======== Data extract ========

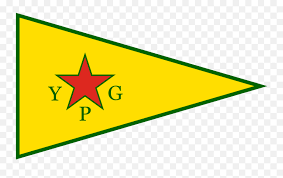 Die deutsche flagge ist eine vertikale trikolore und zeigt in der mitte das nationale emblem. Peoples Protection Units Ypg Flag Png Deutschland Flagge Icon Free Transparent Png Images Pngaaa Com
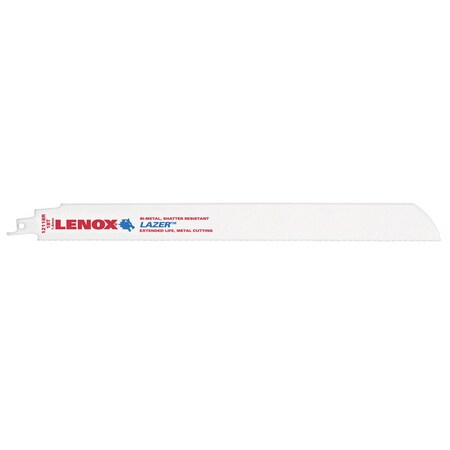 Lenox RECIP BLADE 12""18T 2PK 24911T12118R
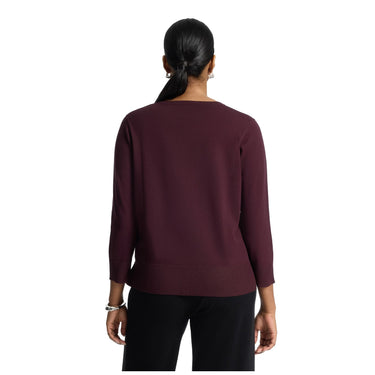 Maglioni Donna Elena Mirò - Pullover M052Z1 - Bordeaux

========

→ The problem
Pictures do not belong in the copy. Repeat exactly each line from the one with "Lenox RECIP BLADE" through the end of the listing.

→ Answer section
 Lenox RECIP BLADE 12""18T 2PK 24911T12118R
 Maglioni Donna Elena Mirò - Pullover M052Z1 - Bordeaux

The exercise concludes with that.